カルラの財団は今なお血生臭い紛争を続けるパレスチナとイスラエルの中間に位置するヨルダン川西岸地区に音楽学校を設立する計画を立てており、その一環としてパレスチナとイスラエルの双方から若者を集めてオーケストラ楽団を結成し、平和を祈るコンサートを開く構想を練っていました。
スポルクは最初のうちはさすがに尻込みしましたが、カルラの強引な説得を受けてやむなく引き受けることにしました。
パレスチナ・カルキリヤ。バイオリン奏者になるという夢を持つ女性・レイラ(サブリナ・アマリ)はスポルクの楽団に参加すべくオーディションを受ける決意をしました。レイラの父はバイオリンのケースは武器に間違われやすいので気を付けるよう注意して娘を送り出しました。
レイラの幼馴染である男性・オマル(メディ・メスカル)もクラリネット奏者としてスポルクの楽団に加わるべく会場に向かおうとしていました。バンドマンであるオマルの父も息子に帯同しようとしましたが、国境の検問で許可証はオマルの分しかないことを指摘され、オマル一人で向かうことにしました。オマルはレイラの姿を見かけ、二人でオーディション会場に向かいました。
イスラエル・テルアビブで暮らす女性シーラ・ハレヴィ(イーヤン・ピンコヴィッチ)はフレンチホルン奏者としてスポルクの楽団のオーディションを受けることにしました。同じくテルアビブに暮らす裕福な若者ロン・カミネル(ダニエル・ドンスコイ)もバイオリン奏者としてオーディションに参加しました。
クレッシェンド 音楽の架け橋のネタバレあらすじ:承
オーディションは人種や国籍、性別などで隔たりが生じないよう公正に行う配慮がなされ、参加者たちは白い衝立で隔てられて互いの顔が見えないようになっていました。レイラやロンは即合格、シーラやオマルは翌日に再度テストを受けることになりました。
オーディションの結果、パレスチナ人の合格者がほとんどいないことを問題視したカルラはパレスチナ人とイスラエル人の割合をきっちり半々にするようスポルクに要求しました。スポルクは国籍や人種は関係なく純粋に能力で選ぶつもりでしたが、カルラはコンサートのテーマはあくまでも“協調”だとしてゴリ押ししました。
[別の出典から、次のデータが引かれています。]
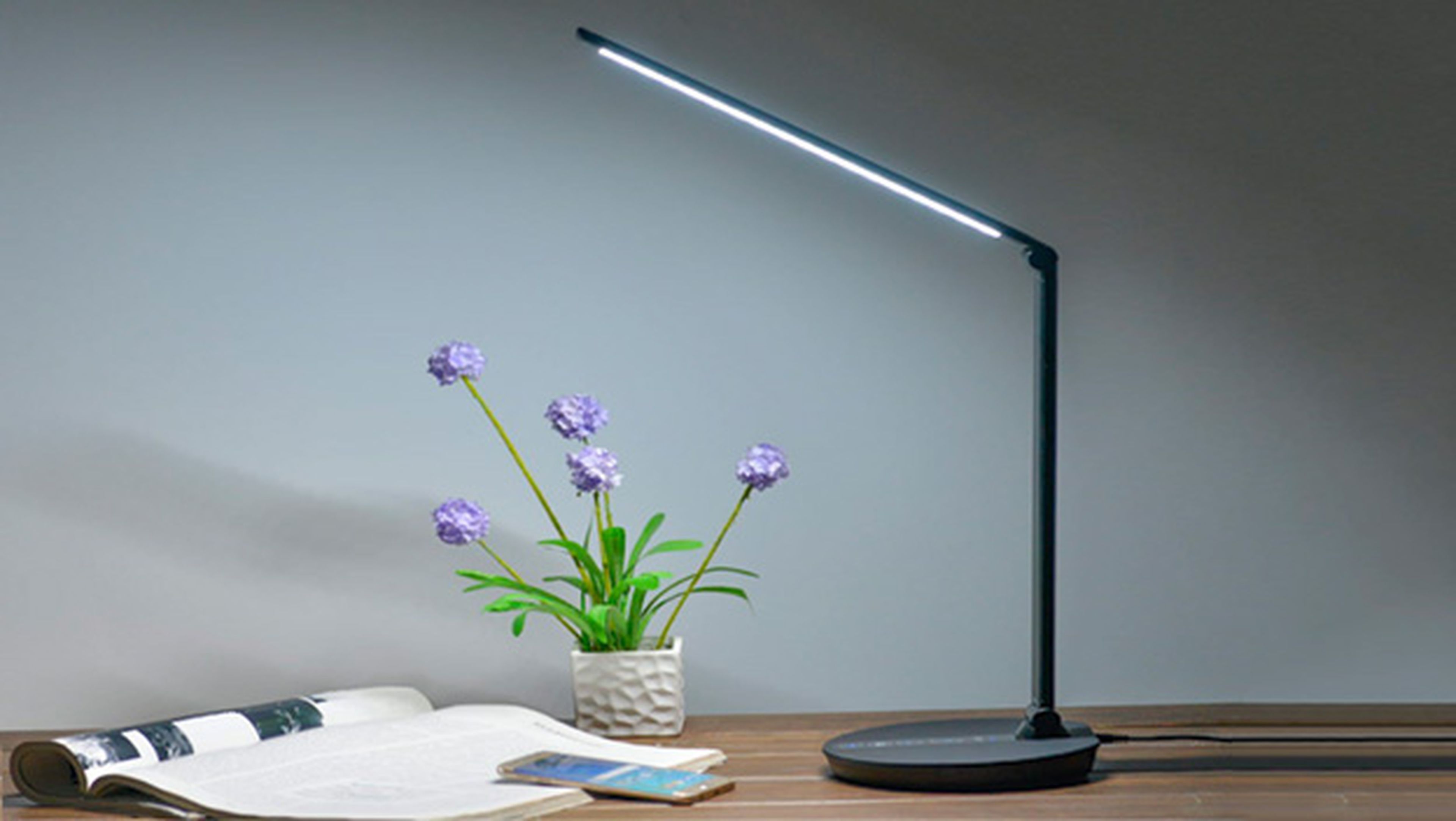 Lámpara LED de ANNT, flexo de escritorio que cuida tus ojos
再テストを受けたシーラとオマルも合格し、スポルクは早速楽団員と共に練習を開始しました。しかし、のっけから演奏は全く噛み合わず、それどころかパレスチナとイスラエルの対立は楽団員たちの間にも深い影を落としていました。両者の対立の深さをまざまざと思い知らされたスポルクは互いに歩み寄るよう指導しましたが、双方の若者たちはなおも目を合わせることすらしませんでした。
そんな中、パレスチナのオマルとイスラエルのシーラは早くも意気投合し心を通わせ合っていました。スポルクは楽団員の結束を高めるべく、オーストリアとイタリアの中間に位置するアルプス山脈のふもとの南チロルで21日間の合宿を開くことにしました。
クレッシェンド 音楽の架け橋のネタバレあらすじ:転
スポルクと楽団員たちはバスで南チロルに向かいました。スポルクは南チロルに住む元恋人のヴァレンティーナと再会を果たしました。スポルクは両者の息が未だに全く合わないことから個別に練習させることにしましたが、それでも両者の隔たりは埋まることはありませんでした。
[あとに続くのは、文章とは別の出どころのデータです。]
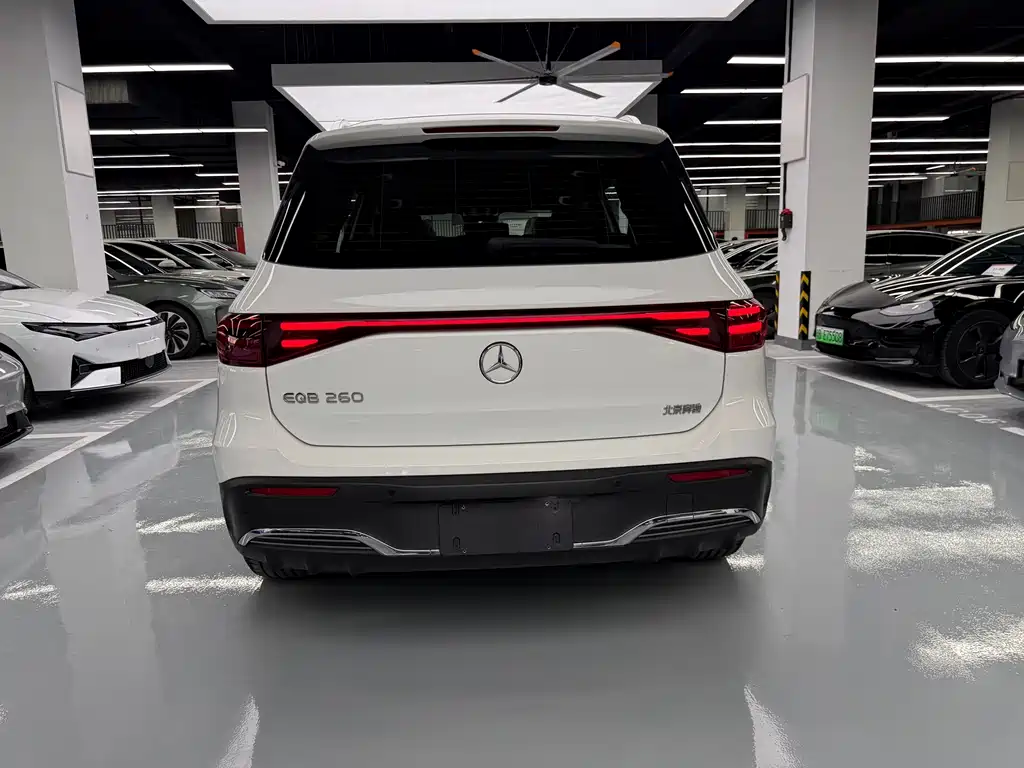 Mercedes-Benz EQB — фото 14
そこでスポルクはパレスチナとイスラエル双方の楽団員を向き合わせ、相手国に対する不満を5分間ぶちまけさせることにしました。互いに罵り合いを繰り広げた双方の楽団員たちもさすがに疲れ果て、それを見たスポルクは「ここは中立地帯だ。まずは相手を5日間信じてみろ」と呼びかけました。これを機に、両者の間に少しずつ連帯感が生まれ始めていきました。
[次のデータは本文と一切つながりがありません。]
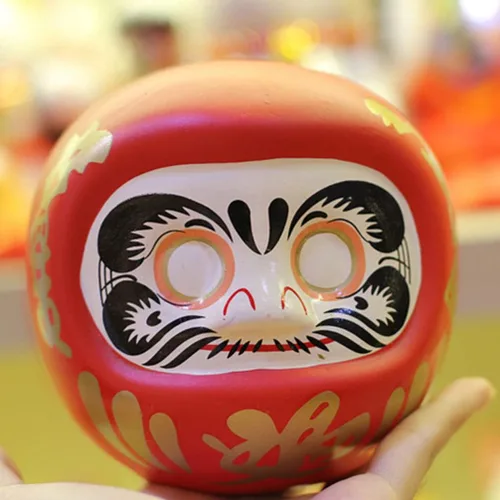 Vista 3 de Tofficu Hucha japonesa Daruma – Figura de cerámica roja Daruma para decoración del hogar, ahorro para niños y decoración zen japonesa – 4.33 pulgadas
スポルクは練習の合間にも両者を積極的に交流させ、双方の楽団員たちも次第に心を開いて打ち解け合っていきました。楽団員の中でもオマルとシーラは互いに惹かれ合っていきました。
シーラはコンサートが終わったら一緒にドイツ・フランクフルトに留学しようと持ちかけましたが、父の仕事を手伝っているオマルは紛争のことも考えて慎重な態度を崩しませんでした。オマルとシーラの仲を知ったレイラは気を付けろとオマルに忠告しました。
そんな中、スポルクは外出中に何者かにペンキをかけられるという事件が発生しました。警備員のベルマン(ゲッツ・オットー)は楽団員たちがSNSに投降したことで合宿の情報が洩れているのではないかと危機感を抱き、犯人を特定しようとしましたがスポルクに止められました。
コンサートまであと2日。合宿も終盤に差し掛かり、楽団員たちも互いの境遇を超えて連帯感が生まれていました。スポルクは楽団員たちにパーティーを開くことを勧め、すっかり楽しんだシーラとオマルはその夜に結ばれました。シーラは友人にオマルの写真をメールで送りましたが、そのことは思わぬ事態を招くこととなりました。
クレッシェンド 音楽の架け橋の結末
シーラの友人は彼女の両親にオマルのことを教えてしまい、激怒した両親はベルリンに住むシーラの伯父に頼んで彼女を連れ戻すことにしました。コンサート前日の朝、そのことを知ったシーラはオマルに、駆け落ちしてパリに住む従兄弟を頼ろうと持ちかけました。
楽団員たちは明日のコンサートがテレビ中継されると知って大盛り上がりになっていました。オマルは両国の関係や家族のこと、コンサートのことなどでプレッシャーに苛まれましたが、それでもシーラの想いを受け止める決心をしました。
シーラとオマルは合宿所を抜け出し、スマホに自分たちは二度と帰らずに結婚するとメッセージを残しました。一方、シーラとオマルがいなくなったことに気付いた楽団側は捜索隊に二人の捜索を依頼しました。
捜索隊に見つかったオマルとシーラは必死で逃げようとしましたが、オマルは途中で交通事故に遭い死亡してしまいました。シーラはベルリンからやってきた伯父に連れ戻されました。コンサートは直前で中止が決まり、スポルクは本国に呼び戻されることとなりました。カルラは早くも次のプロジェクトへと気持ちを切り替えて去っていきました。
楽団員たちはやりきれない思いを抱えたまま、それぞれの国に帰国することになりました。パレスチナ行きの者たちとイスラエル行きの者たちは空港のガラスの壁で隔てられました。
その時、ロンはバイオリンを取り出すとガラスの向こうの楽団員たちに合図しました。ロンはレイラを見つめながらバイオリンを弾き始め、レイラもバイオリンを取り出して弾き始めました。他の楽団員たちもそれぞれの楽器を手に演奏を始め、やがてそれはオーケストラとしてまとまっていきました。
演奏の間、楽団員たちはパレスチナとイスラエルの境遇を超えて心をひとつにしていました。
以上、映画「クレッシェンド 音楽の架け橋」のあらすじと結末でした。